Archiving Sardana elements can be challenging, particularly in setups with dozens of motors or when running continuous scans. In Tango, events are triggered by polling of attributes, but if reading an attribute requires direct hardware access, it can interfere with an ongoing macro.
This presentation will explore an approach for enabling Sardana to read hardware asynchronously in the background and push events only when fresh data is available, reducing interference and improving archiving performance.
The standard Sardana widgets (sequencer, macroexecutor, etc) are very useful to put in Sardana related GUIs. However, many don't seen to have developed much lately, and there are some usability problems and bugs. Let's discuss and try to come up with a plan.

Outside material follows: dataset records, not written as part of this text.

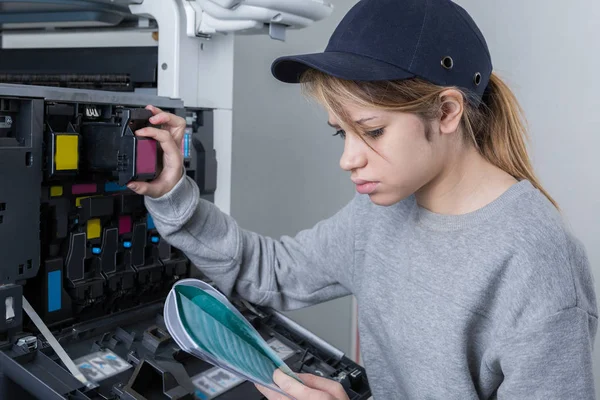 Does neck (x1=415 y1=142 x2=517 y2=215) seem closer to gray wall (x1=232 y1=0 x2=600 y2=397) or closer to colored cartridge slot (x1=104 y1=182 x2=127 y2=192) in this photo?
colored cartridge slot (x1=104 y1=182 x2=127 y2=192)

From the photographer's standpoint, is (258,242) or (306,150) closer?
(258,242)

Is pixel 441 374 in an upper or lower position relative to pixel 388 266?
lower

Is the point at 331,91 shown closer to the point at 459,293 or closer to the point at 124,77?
the point at 459,293

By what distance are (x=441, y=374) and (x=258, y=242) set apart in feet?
1.52

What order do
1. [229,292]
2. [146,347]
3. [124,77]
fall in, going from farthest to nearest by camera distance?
[124,77]
[229,292]
[146,347]

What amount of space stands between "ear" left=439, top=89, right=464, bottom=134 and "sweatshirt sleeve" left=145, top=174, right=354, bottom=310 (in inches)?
14.3

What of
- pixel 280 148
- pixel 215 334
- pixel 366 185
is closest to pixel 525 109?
pixel 280 148

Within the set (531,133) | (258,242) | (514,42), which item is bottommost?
(258,242)

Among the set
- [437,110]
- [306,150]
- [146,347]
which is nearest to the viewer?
[437,110]

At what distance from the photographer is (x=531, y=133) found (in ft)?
7.07

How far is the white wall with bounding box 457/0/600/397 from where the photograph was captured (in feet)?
6.62

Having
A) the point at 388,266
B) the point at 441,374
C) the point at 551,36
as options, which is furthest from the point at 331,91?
the point at 551,36

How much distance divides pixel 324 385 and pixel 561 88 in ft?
4.75

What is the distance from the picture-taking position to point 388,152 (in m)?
0.95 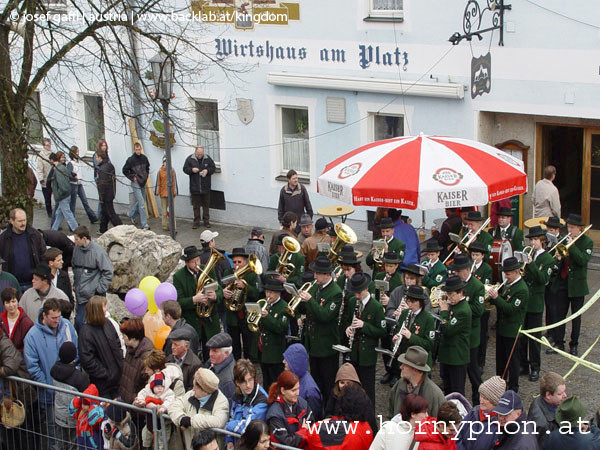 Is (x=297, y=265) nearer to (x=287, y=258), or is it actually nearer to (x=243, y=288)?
(x=287, y=258)

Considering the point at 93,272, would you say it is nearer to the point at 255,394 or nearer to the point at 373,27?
the point at 255,394

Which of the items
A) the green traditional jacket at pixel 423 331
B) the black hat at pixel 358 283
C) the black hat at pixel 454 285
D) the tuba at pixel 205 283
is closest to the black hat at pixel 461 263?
the black hat at pixel 454 285

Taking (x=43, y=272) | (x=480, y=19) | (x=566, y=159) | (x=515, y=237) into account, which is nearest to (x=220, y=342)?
(x=43, y=272)

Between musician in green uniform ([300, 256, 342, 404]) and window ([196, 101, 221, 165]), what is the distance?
9122 millimetres

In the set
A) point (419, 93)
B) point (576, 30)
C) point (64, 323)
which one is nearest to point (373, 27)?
point (419, 93)

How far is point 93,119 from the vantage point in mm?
21500

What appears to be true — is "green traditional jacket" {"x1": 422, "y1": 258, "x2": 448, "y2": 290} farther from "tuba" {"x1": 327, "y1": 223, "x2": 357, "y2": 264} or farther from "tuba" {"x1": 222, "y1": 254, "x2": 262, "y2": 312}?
"tuba" {"x1": 222, "y1": 254, "x2": 262, "y2": 312}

This talk will present recent efforts to improve the structure, clarity, and accessibility of the Tango Controls documentation, and share insights gained during the process. We will reflect on the challenges, ongoing work, and future plans, with the goal of providing insight and inspiration for other documentation initiatives.
Interactive session to bring everyone together for an open round table discussion. We’ll reflect on the key contributions, insights, and outcomes from the workshop, and invite participants to share feedback, highlight unresolved questions, and propose next steps for the Sardana community.
It’s also a great moment for open discussions, informal collaboration ideas, and aligning on future directions.
Let’s wrap up by shaping what comes next, together!